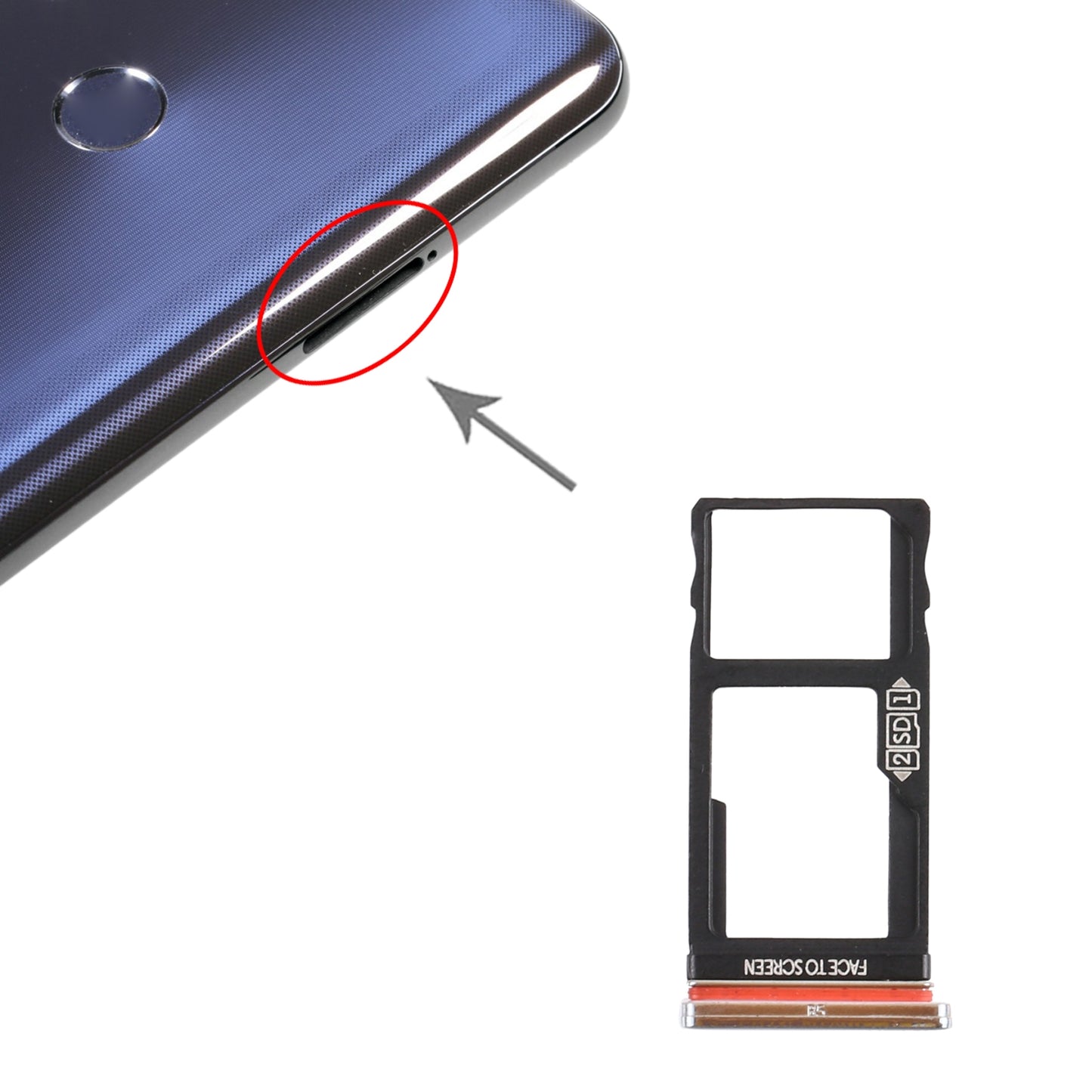 SIM Card Tray + Micro SD Card Tray for Motorola Moto One Action XT2013-1 XT2013-2 XT2013-4 (Silver)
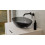 Umywalka nablatowa Neya Carbon Grey + maskownica czarny mat Besco (UMN-60-CGB)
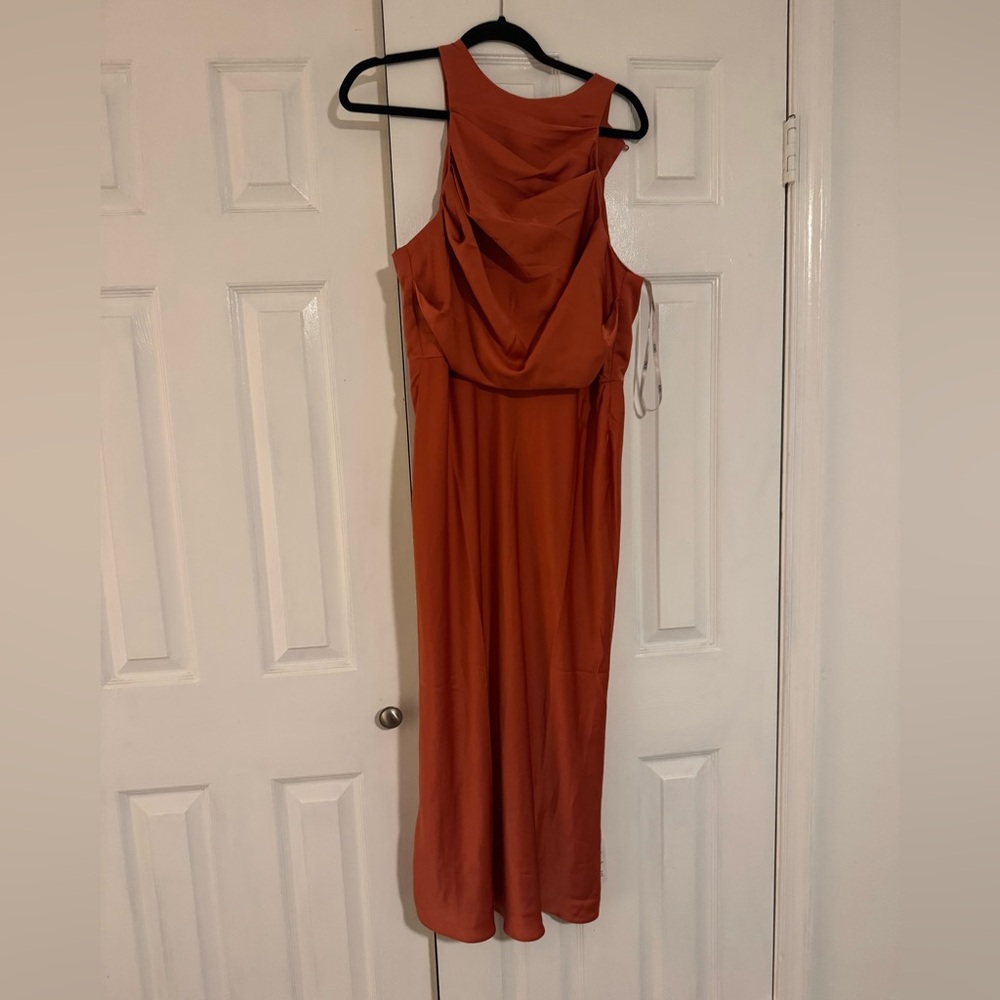 ASOS DESIGN satin drape bodice midi dress in rust
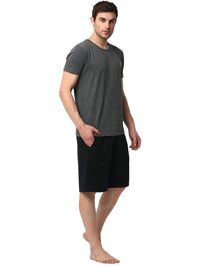 Mack Jonney Grey Black Night Suit For Men's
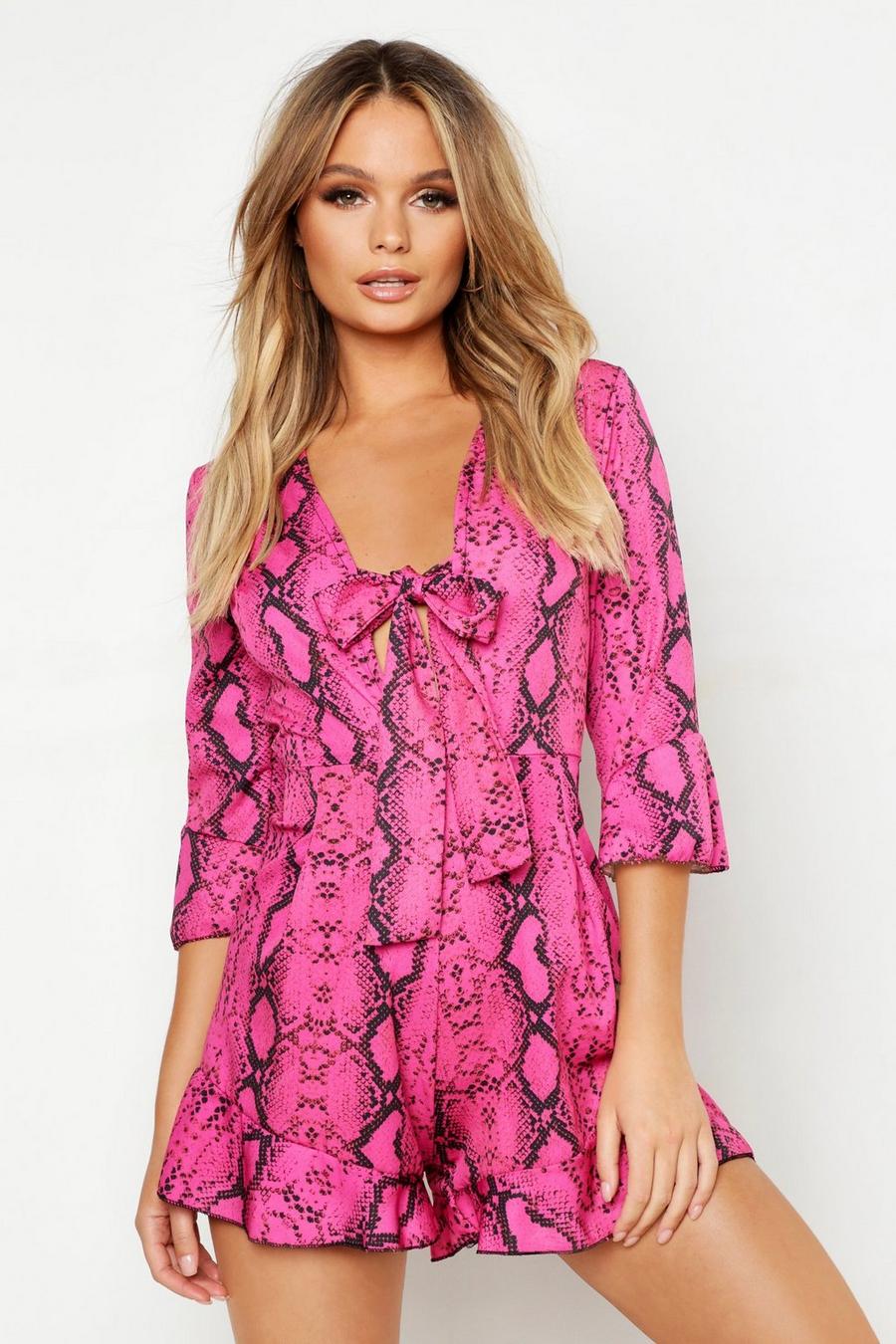 Pink Snake Print Knot Front Playsuit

######

What is being asked
Your answer should be a precise transcript of the entries, minus the pictures.

Output below
 SIM Card Tray + Micro SD Card Tray for Motorola Moto One Action XT2013-1 XT2013-2 XT2013-4 (Silver)
 Umywalka nablatowa Neya Carbon Grey + maskownica czarny mat Besco (UMN-60-CGB)
 ASOS DESIGN satin drape bodice midi dress in rust
 Mack Jonney Grey Black Night Suit For Men's
 Pink Snake Print Knot Front Playsuit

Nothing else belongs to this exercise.